Ce projet a fait l’objet d’une demande auprès du GAL, groupe d’action locale des Trois Sources Saint Etienne de Lugdarés 07590. Il est suivi par Mme Elodie Blanc conseillère en patrimoine et culture. Il rentre dans le cadre de la conservation et la mise en valeur du patrimoine culturel. Vu son ampleur il s’étalera sur plusieurs années à partir de 2012 mais le volet collecte commencera dés l’année prochaine et il est d’ors et déjà amorcé. Si les financements espérés suivent leur cours la collecte devrait s’étendre sur 2013 et nous pourrions envisager une restitution sur la fin de l’année concernée. Ce projet comporte trois volets de financement : fonds européens ( à hauteur de 50 % du projet global) jusqu’en 2015 financement régional (dépôt avant dec 2012) financement départemental Nous sollicitons donc du département et par l ‘intermédiaire de la fédération une aide à hauteur de 1000€ qui nous permettra de concrétiser ce projet qui globalement devrait atteindre 10.000€ de budget. Compte rendu :

Commission pédagogique autour du projet "collecte sur le plateau ardéchois" à Privas (07) Réunion du collectif de musiciens et danseurs intéressés par le projet

PM : Le projet « Collecte sur le plateau ardéchois » est un projet différent de celui imaginé par SBW de recenser les collectages existants pour les faire prendre en charge par les archives départementales et ainsi les mettre à disposition d’un large public par l’intermédiaire des sites (Archives départementales et FAMDTA).

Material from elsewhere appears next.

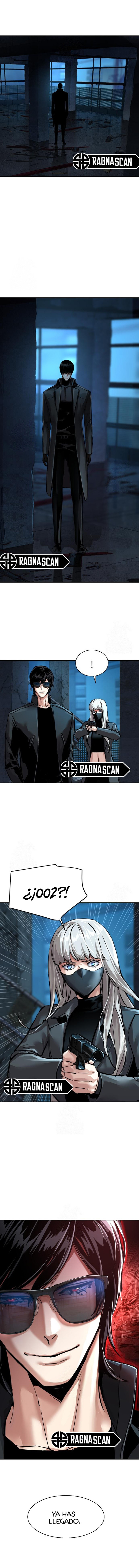 Mercenario Adolescente Capítulo 275 - Page 11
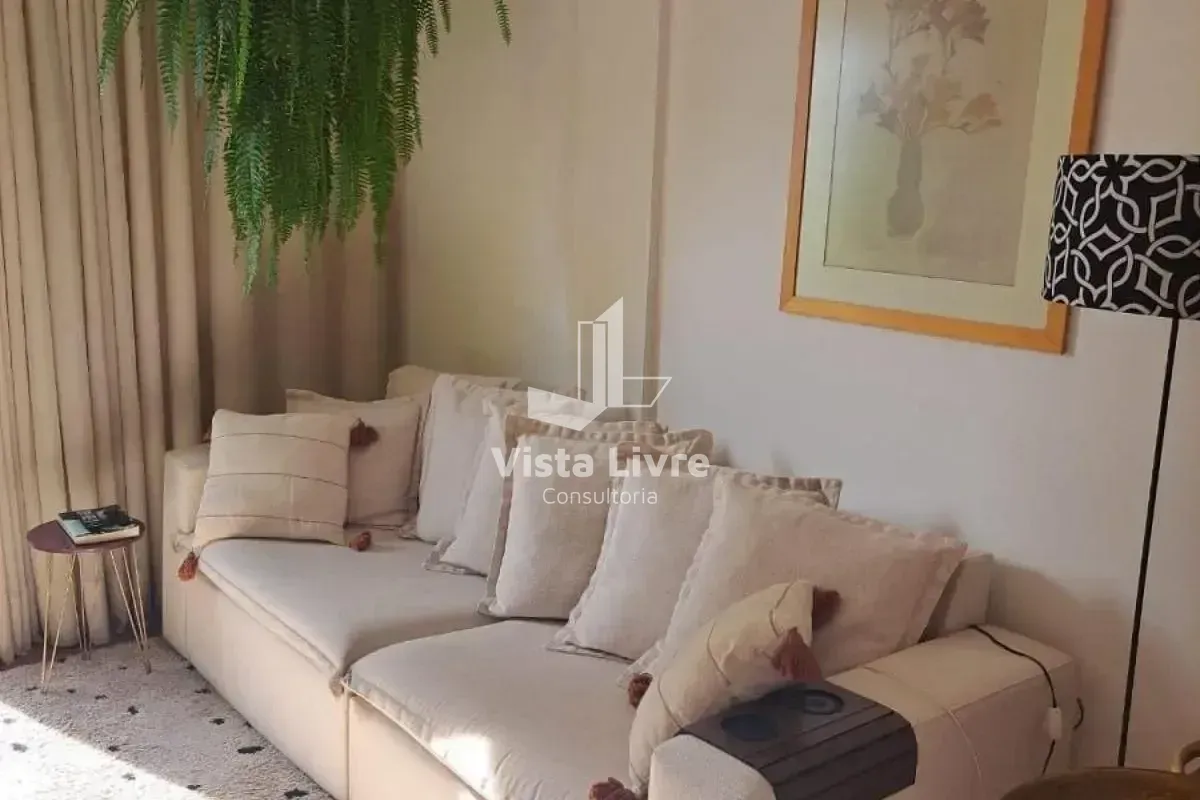 Apartamento, 2 quartos, 50 m² - Foto 2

PM : il est encore possible de procéder à d’autres collectages mais il est urgent de le faire. Il faut que ces témoignages retournent à l’actualité. Ils peuvent être faits dans différents domaines (musiques, chants, contes, techniques…). Il existe un répertoire du Coiron à réadapter et à réactualiser.

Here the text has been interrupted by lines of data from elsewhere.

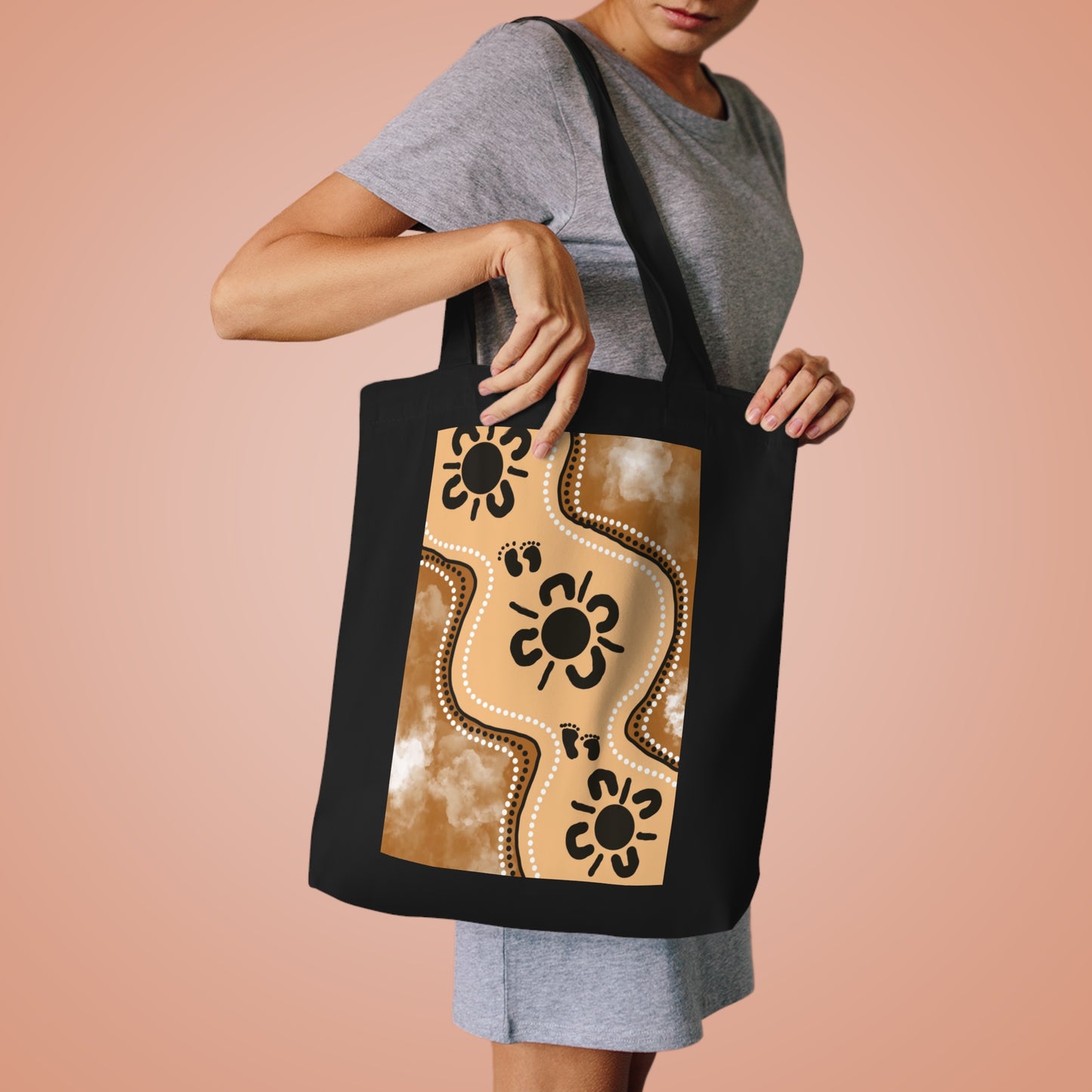 Tracks - Tote Bag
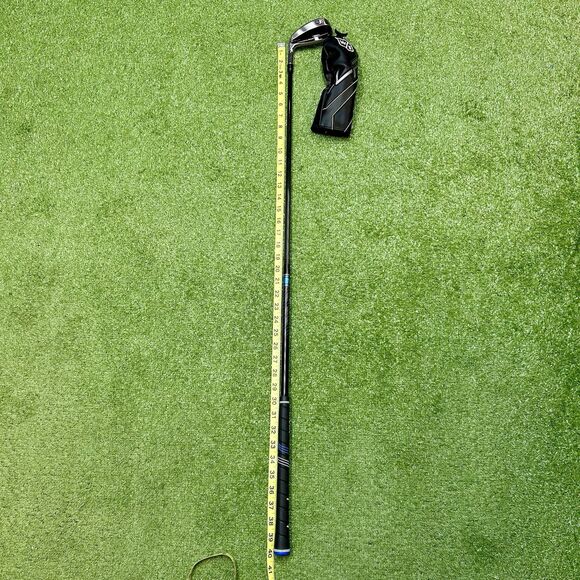 Wilson Launch Pad 5 Hybrid Left Handed Reg Flex Tensei Blue Graphite Shaft - Picture 11 of 12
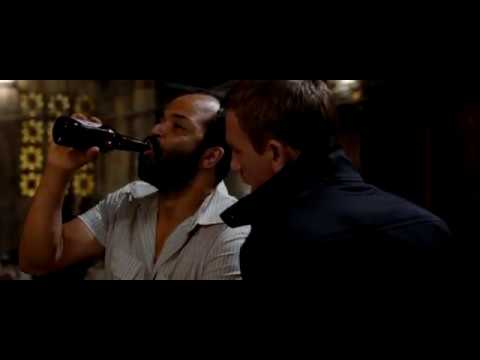Quantum of Solace (2008) - James Bond & Felix Leiter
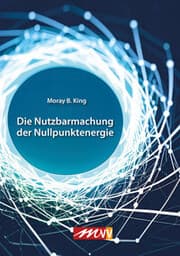 Cover von Die Nutzbarmachung der Nullpunktenergie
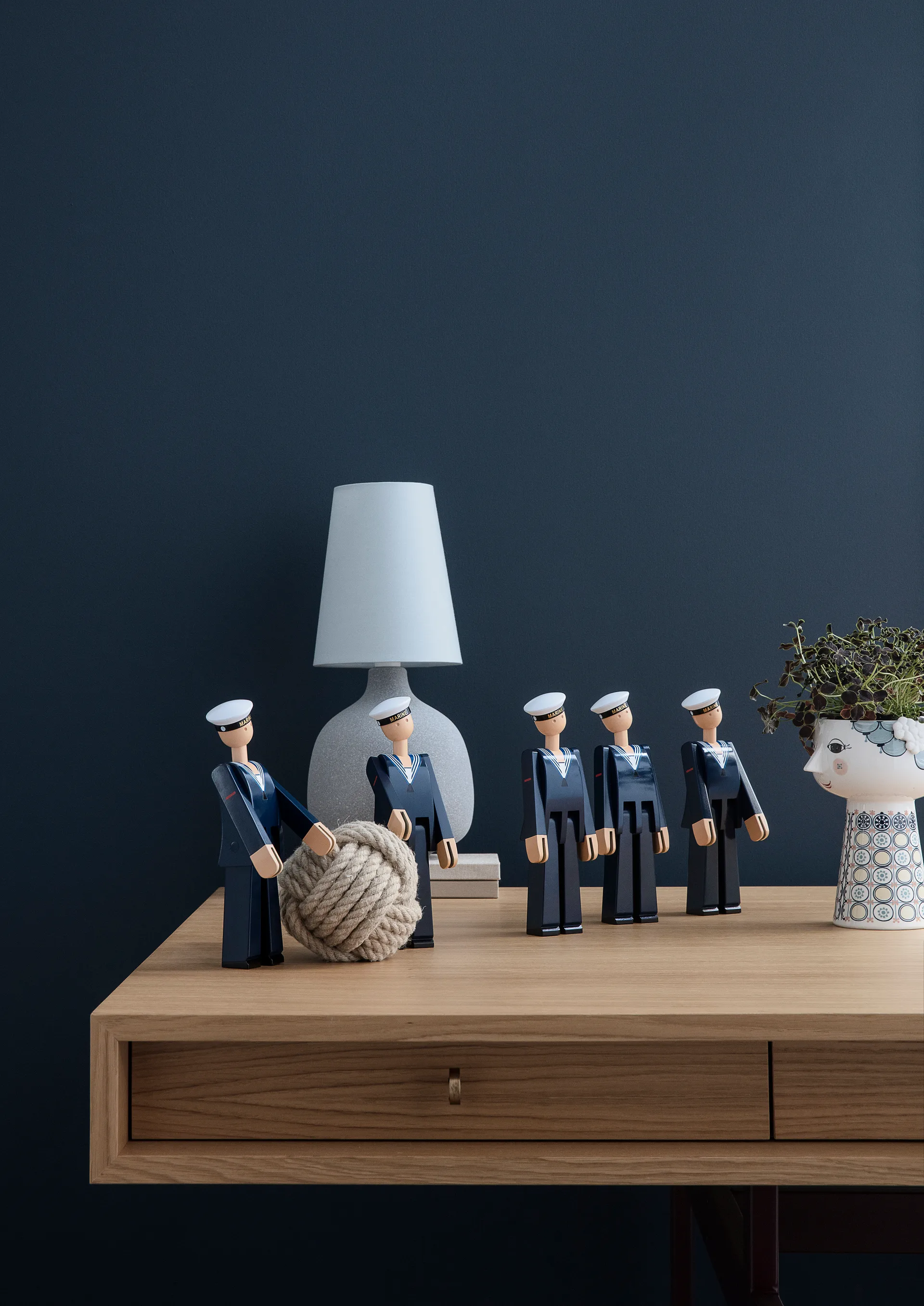 Kay Bojesen matros, Blå Kay Bojesen Denmark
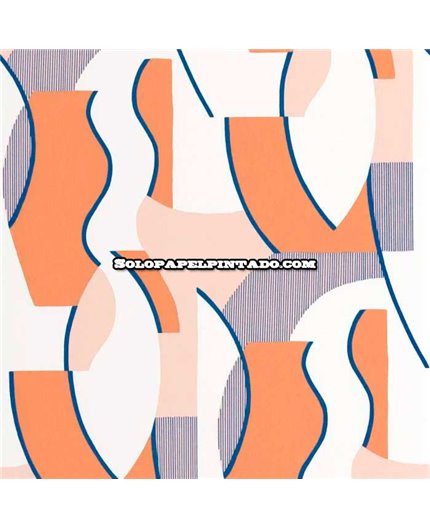 Papel Pintado MILANO SIXTIES Ref. MISI-89331616.
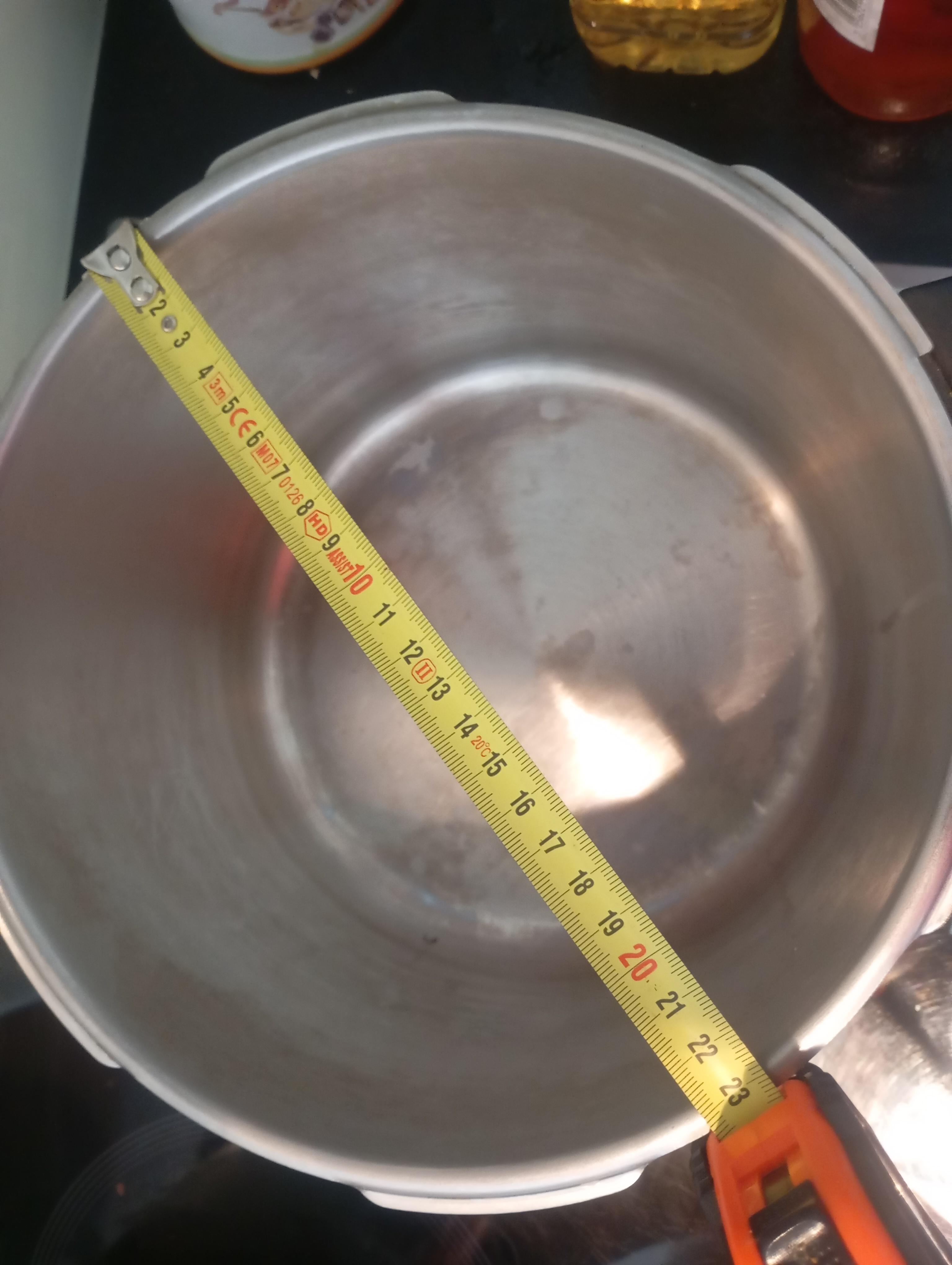 troc de troc troque lot 2 cocotte minute fagor contre panier légumes image 2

DL : il y a eu beaucoup de collectages, mais peu d’exploitation des documents, car cela prend du temps. Les groupes folkloriques ne s’en sont pas servi (contrairement à d’autres région : maraichine dans le Poitou)

PM : parallèlement au collectage il est important de mettre en place des ateliers d’analyse des documents par des personnes intéressées et initiées

CO : mais il est aussi important de passer aux éditions du produit de collectage car souvent ce travail est repris bien plus tard par les musiciens. Exemple CO a fait un enregistrement en live de violoneux corréziens, plus tard d’autres artistes à l’écoute de ces enregistrements en ont tiré des partitions. Les violoneux sont morts mais les musiques sont toujours jouées.

CO : nous envisageons, Dominique et moi-même, une réédition d’un CD de collectage chanson (paroles et partitions) . Christian compte sur la FAMDTA pour être le support principal de l’édition de la distribution et de la promotion de ce CD .

PM envisage plusieurs temps dans le projet « collecte sur le plateau » : • Collectage à l’intérieur du périmètre choisi (plateau ardéchois, haut Vivarais/ de St Agrève à St Etienne de Lugdarès) • Mise en place des ateliers d’analyses des documents, comparaison avec d’autres versions des éléments collectés dans d’autres zones géographiques et en d’autres périodes (mise en valeur des variantes) • Filmer 3 ou 4 danses sélectionnées pour leur représentativité • Diffusions des musiques et danses dans un premier temps sur les lieux de collectage à l’occasion de fêtes locales, puis plus largement sur le périmètre régional (remarque : il peut y avoir plusieurs versions d’une même danse dans des contrées voisines, correctif si nécessaire)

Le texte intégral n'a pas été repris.